Using a technique called "Double Tribe," two of the three transformations can be combined to create one of six possible combinations. Double Tribe is achieved by using a brother card from a different tribe while in Tribe On mode. If a brother card from the same tribe is used, the roulette of the brother's favorites will occur instead. A final transformation - Tribe King - is also possible by activating a third tribe transformation when in a Double Tribe form; However, the Tribe King effect only lasts for three turns.

In addition to tribes, if the player is hit by an attack of the element that the current player's tribe is weak to (e.g. the player is using Wood Ninja and is hit by a fire attack), the transformation will be lost and they will return to their original state.
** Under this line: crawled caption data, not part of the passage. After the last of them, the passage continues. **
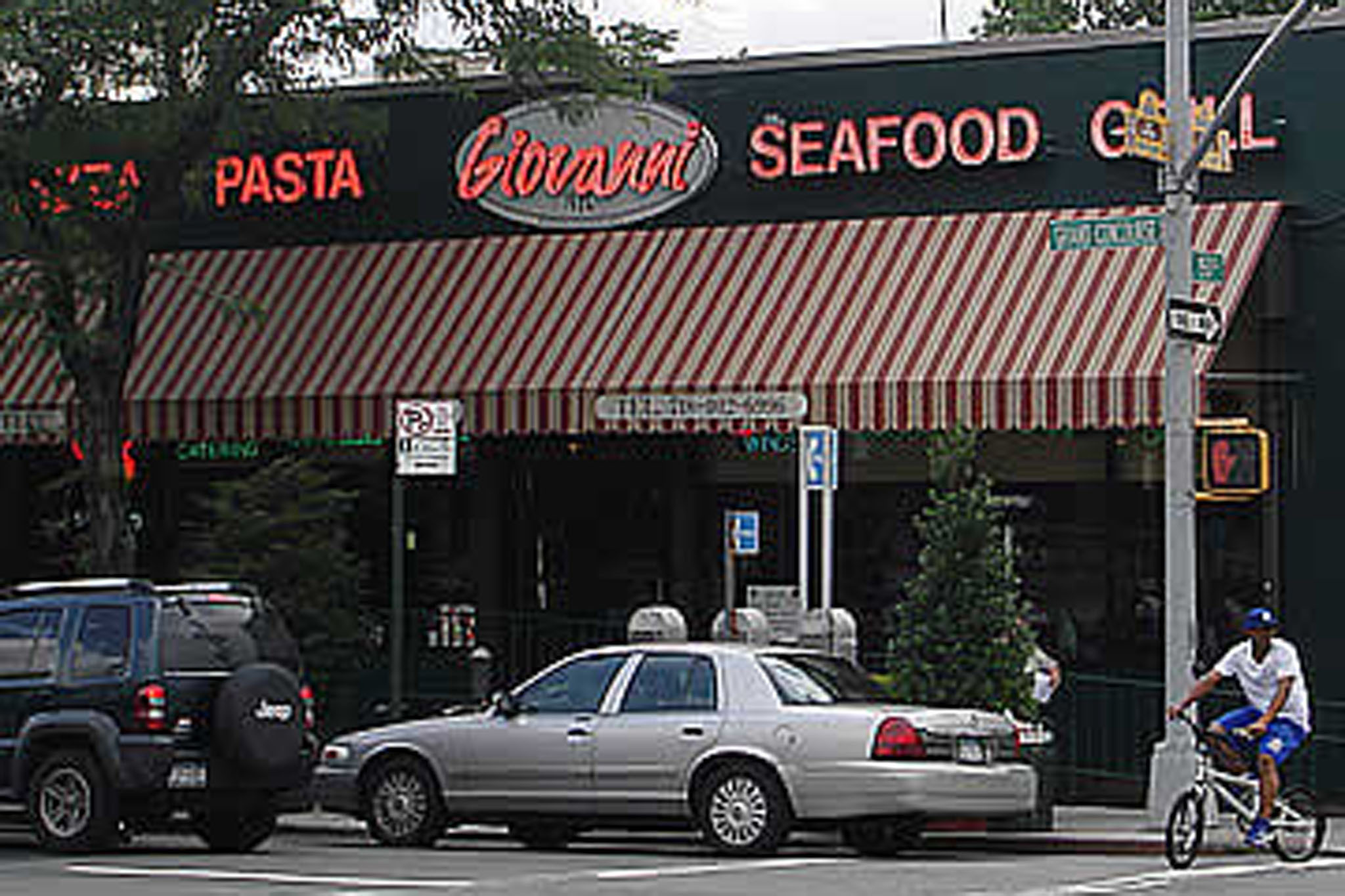 Giovanni Restaurants in The Bronx, Bronx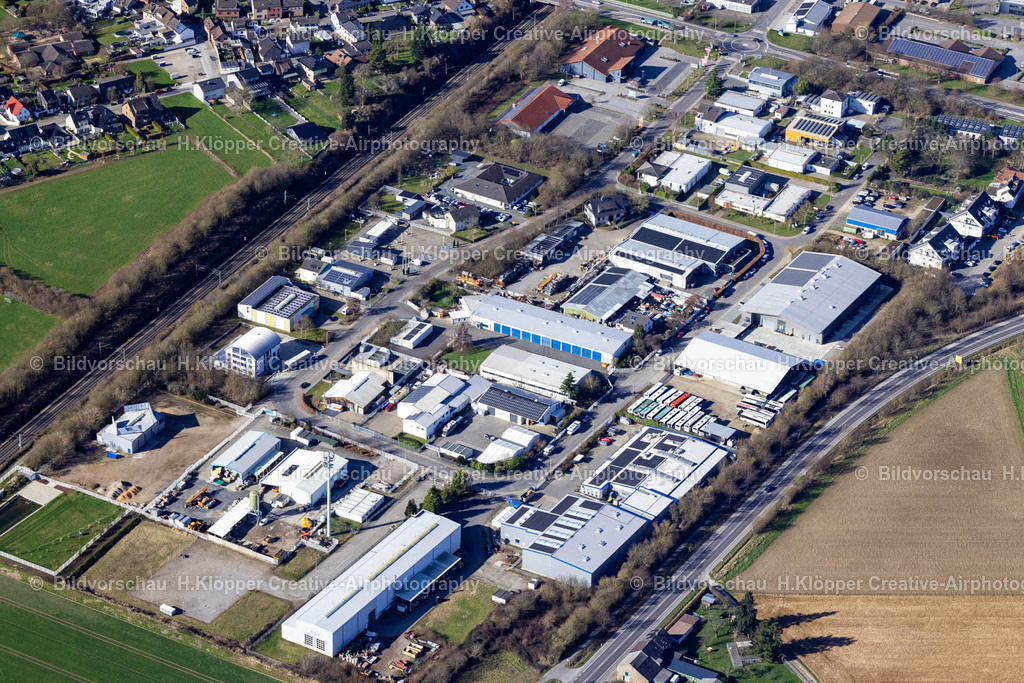 Luftbilder Langerwehe-9815 | Luftbildfotografie Industrie- und Gewerbegebiet an der Straße Am Parir in Langerwehe im Bundesland Nordrhein-Westfalen, Deutschland - Realisiert mit Pictrs.com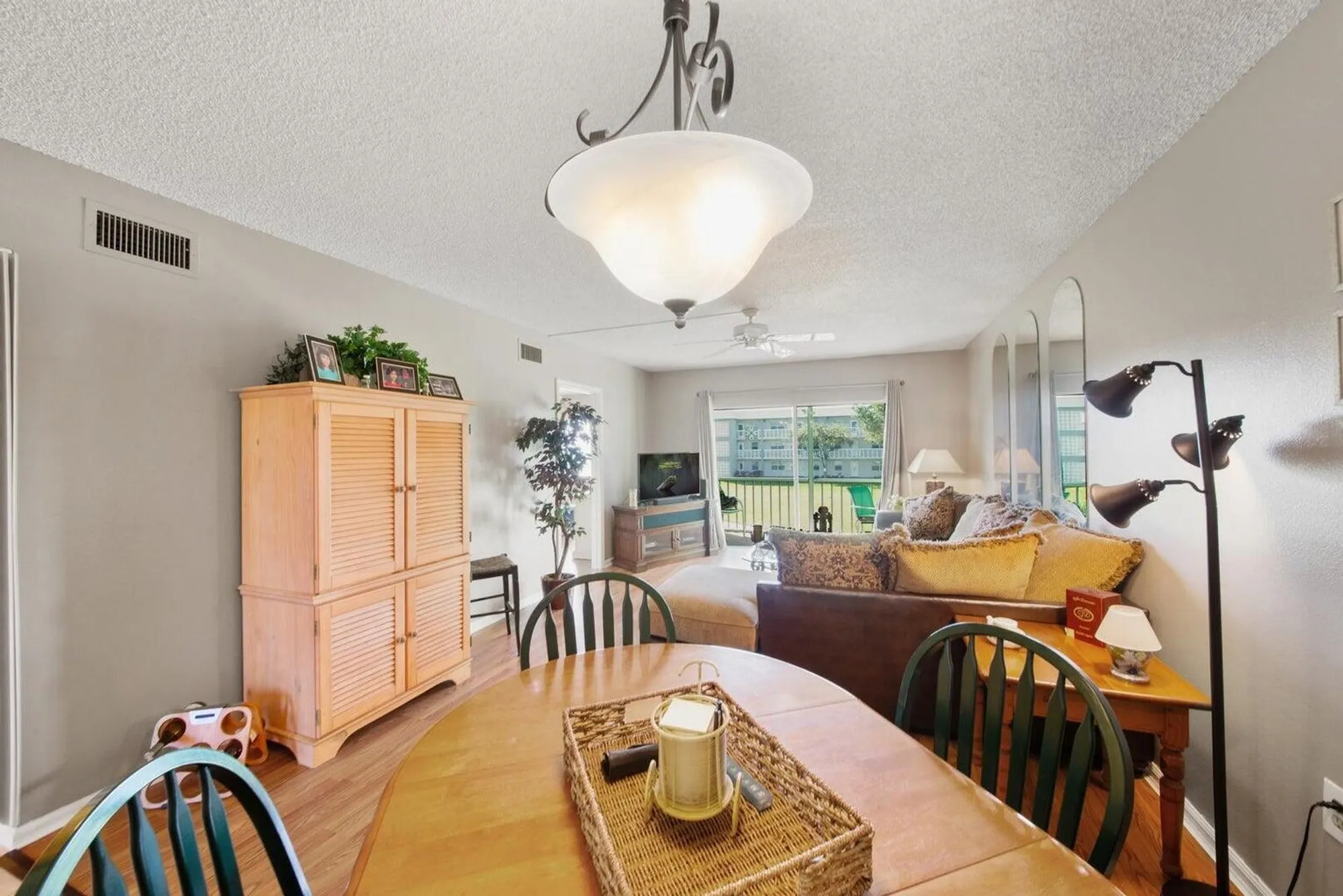 Property Slideshow image 7 of 29 | 9810 marina blvd 1122, Boca Raton, FL, 33428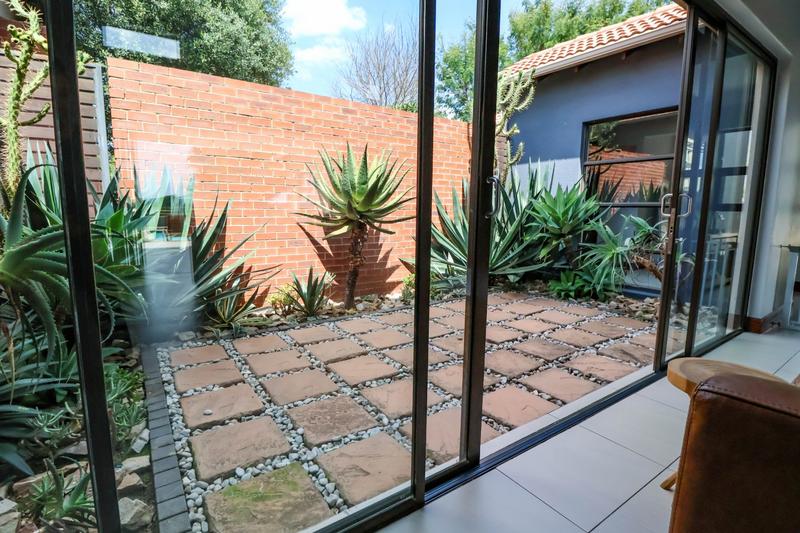 4 Bedroom Property for Sale in Copperleaf Estate Gauteng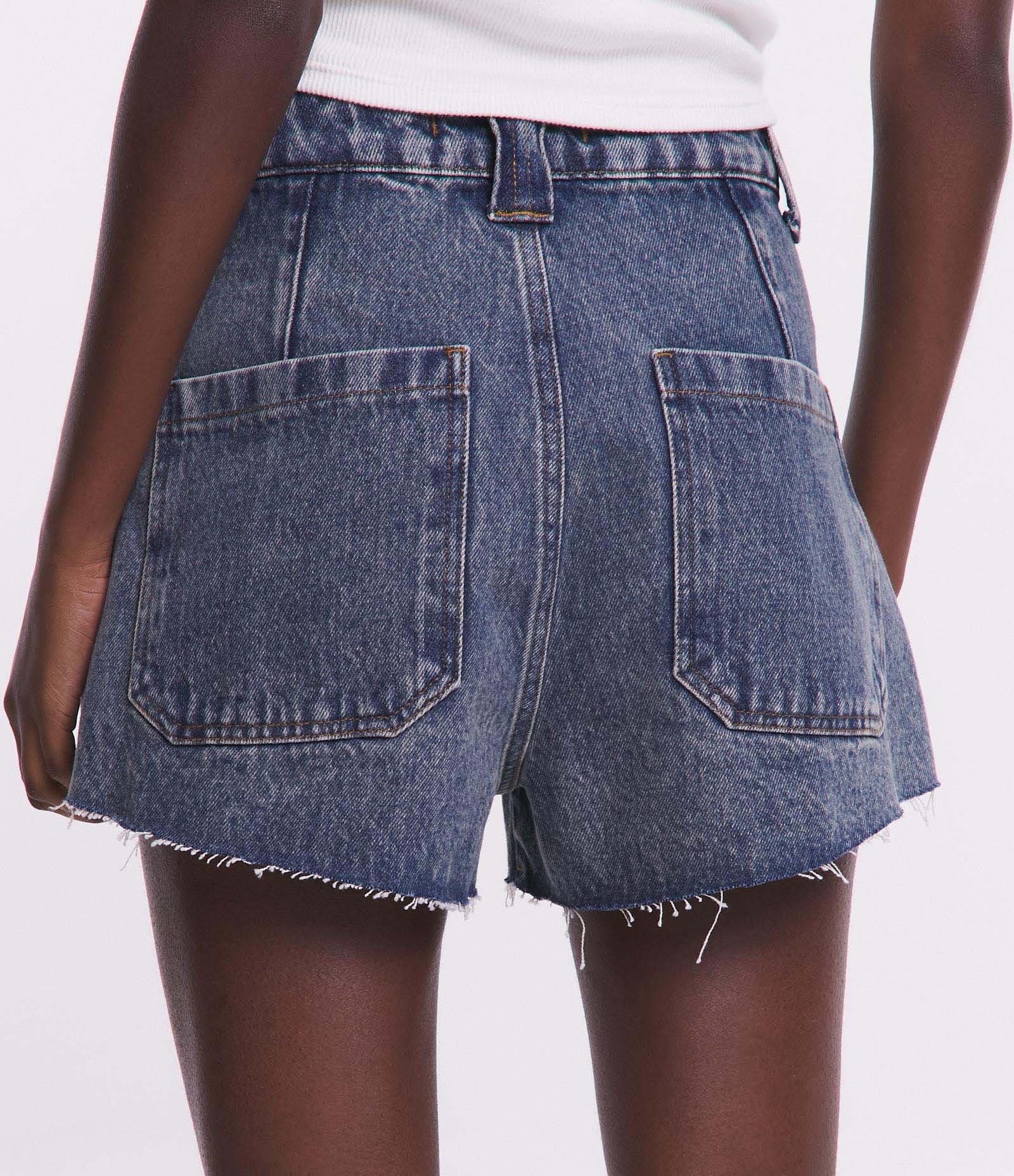 Short Cintura Alta em Jeans com Barra a Fio Azul 3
With the Double Tribe state, players take on the element of the second transformation. Also, although there are three tribes, six Double Tribe combinations, and one triple tribe, only four transformations are possible in any version of the game (a players tribe, a players tribe x the two other tribes, and tribe king) as the players will always transform to the version they are playing first regardless of the Brother's tribe, although Wave cards allow player to transform to any form.

- Rogue

A player who does not take advantage of the "Brotherband" system can take on forms based on Rogue, the rival character in this and the following game. Each tribe has a Rogue transformation. There are two ways to utilize Rogue Form. The first and normally legitimate way is to equip the six Indie Proofs on a Brotherband. Once the proofs are equipped the player gets a card which allows them to transform into the player's tribe, specific to the version. The second way to use Rogue form is to use a special "Wave Command". Rogue Form players suffer from a lack of LP, having a maximum of 400 LP (From maximized In-game brothers) instead of the absolute Maximum of 1300 LP that regular players can reach (400+150x6) thanks to Brotherbands. However Giga cards can still be used in Rogue form.

In this stage the player can not use any mega cards, but still gain skills such as a barrier that generates every turn. The Rogue Form also has no element, meaning it cannot be lost due to element advantages. Boosts from the tribe on form are also lost, instead, cards that deal 'sword' damage get a +50 attack Boost. The wave command way has the advantages over the original version as it gets certain bonuses, such as a large HP boost, Max Buster stats, Giga+1, and the Auto-ability waves First Barrier, Float Shoes, and Undershirt. Player also get to keep their Brotherbands. However, their power-ups are disabled as if players are in Rogue form, but turning off the ability gives them back. When players are in rogue form, Brotherbands with their friends will end. The main difference between the two versions is the Indie Frag Rogue Form can be activated on a player's will, using it as a strategic advantage (such as burning mega cards). The Wave command starts off a player in Rogue Tribe, meaning Mega cards aren't usable no matter what (as the form cannot be lost prematurely in battle)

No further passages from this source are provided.